Page 1 of 7

Recommended Backup Job Settings for EMC Data Domain

Posted: Nov 06, 2014 8:01 pm
by brupnick
Good afternoon-

Now that v8 with DD Boost support has been released, are there new setting recommendations when using a Data Domain as the storage target? I've come across the following, but there might be more:

Storage Target Settings
  • Align backup file data blocks (Yes/No)
  • Decompress backup data blocks before storing (Yes/No)
Backup Job Settings
  • Enable inline deduplication (Yes/No)
  • Compression level
  • Storage optimization
Thank you!

Re: Recommended Backup Job Settings for Data Domain

Posted: Nov 07, 2014 8:53 am
by v.Eremin
The storage target settings are the following:
Align backup file data blocks: NO
Decompress backup data blocks before storing: YES

Backup repository settings:
Enable inline deduplication: YES
Compression level: Optimal
Storage optimization: Local target

Thanks.

Re: Recommended Backup Job Settings for Data Domain

Posted: Nov 07, 2014 12:25 pm
by brupnick
Thanks, Vladimir!

Re: Recommended Backup Job Settings for Data Domain

Posted: Nov 07, 2014 12:30 pm
by v.Eremin
You're welcome. Feel free to contact in case additional clarification is needed. Thanks.

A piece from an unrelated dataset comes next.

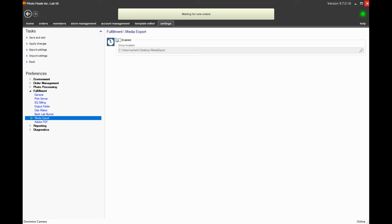So you want to make sure to enable it and then set that drop location. That's it.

Re: Recommended Backup Job Settings for Data Domain

Posted: Nov 07, 2014 2:38 pm
by v.Eremin
I've edited my answer. So, please double check the provided recommendations (more specifically, part about compression level). Thanks.

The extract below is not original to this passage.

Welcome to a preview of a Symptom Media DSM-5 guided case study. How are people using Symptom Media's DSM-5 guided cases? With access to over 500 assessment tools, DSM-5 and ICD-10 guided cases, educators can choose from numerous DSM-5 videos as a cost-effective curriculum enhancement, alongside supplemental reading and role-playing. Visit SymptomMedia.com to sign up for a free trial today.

Re: Recommended Backup Job Settings for Data Domain

Posted: Nov 07, 2014 7:45 pm
by Gostev
Lately our architects started recommending Local (16+ TB backup files) storage optimization for deduplicating storage. This significantly improves restore performance without impacting backup performance too much. Please consider this as well. Thanks!

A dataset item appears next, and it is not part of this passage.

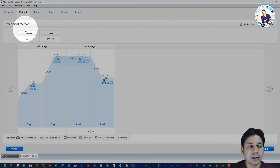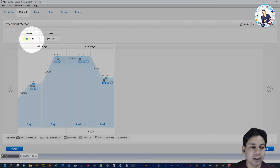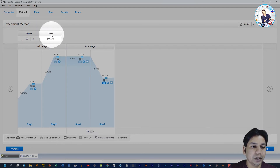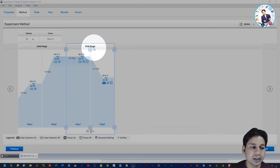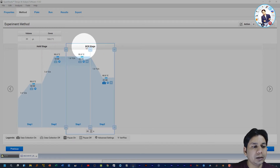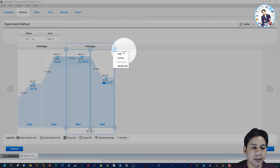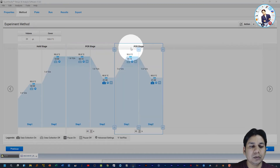Clicking Next brings you to the Experiment Method section. First is the reaction volume — I am selecting 20 microliters; by default it is 50 microliters. Leave the cover temperature as is. Here you can see the stages of the PCR cycle: the Hold Stage and the PCR Stage. If you want to add one more stage, click the plus button and select Hold or Cycling — you can see a new stage is added.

Re: Recommended Backup Job Settings for Data Domain

Posted: Nov 10, 2014 5:54 pm
by jj281
A couple questions... isn't this contradictory?

Decompress backup data blocks before storing: YES

Compression level: Optimal

Wouldn't this take extra CPU cycles on the Gateway to decompress, not to mention the wasted cycles on the Proxy to do it in the first place...? Also, if you're utilizing DDBoost, wouldn't it be better to do no compression since the only blocks process by the DD (vs Proxy/Gateway) that would eat CPU cycles (for Local Compress) would be the changed blocks?

Also, what's the point of Inline deduplication (again with DDBoost)? So it isn't transmitted to the Gateway from the Proxy (Transport)?? If that's the case, the assumption is the transmission of the block is the resource to be concerned about not the compute on the proxy right?

Re: Recommended Backup Job Settings for Data Domain

Posted: Nov 10, 2014 6:51 pm
by tsightler
jj281 wrote:A couple questions... isn't this contradictory?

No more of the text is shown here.